Word Count: 209
| Total time: 45 minutes |
|---|
| Prep time: 20 minutes |
| Cook time: 25 minutes |
Ingredients
| Ingredient | Quantity |
|---|---|
| Olive Oil | 2 Tbsp |
| Rotisserie Chicken | 2.5 - 3.5 lbs |
| Chicken Broth | 8 cups |
| Small Onion (diced) | 1 |
| Celery (thinly sliced) | 2 stalks |
| Garlic | 4 cloves |
| Fresh Thyme | 6 sprigs |
| Medium Butternut Squash (peeled, seeded and cubed) |
1 (~1 lbs) |
| Kale (cleaned/de-stemmed/chopped) |
1 big bunch |
| White Beans (rinsed) | 16oz (1 can) |
| Garbanzo Beans (rinsed) | 16 oz (1 can) |
| Salt | 3/4 tsp |
| Pepper | 1/2 tsp |
Steps
- Remove and discard the skin from the rotisserie chicken then shred the meat into a bowl and set aside.
- Heat the oil in a large pot over medium heat. Add the onion, season with salt and pepper and cook, covered, stirring occasionally, for 8 minutes.
- Add the celery, garlic and whole thyme sprigs (will be removed later) and cook stirring occasionally, until the onion is lightly golden brown around the edges, 4 to 6 minutes.

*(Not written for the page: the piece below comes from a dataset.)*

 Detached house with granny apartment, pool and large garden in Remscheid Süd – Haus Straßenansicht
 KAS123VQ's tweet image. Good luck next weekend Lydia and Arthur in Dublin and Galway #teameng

- Add the tomato paste and cook, stirring for 1 minute.
- Add squash and bring to a boil. Simmer until the squash is just tender about 5 to 7 minutes.
- Stir in the kale, beans and shredded chicken. Cook, stirring, until the kale is just tender, about 3 minutes.
- Discard the thyme sprigs before serving.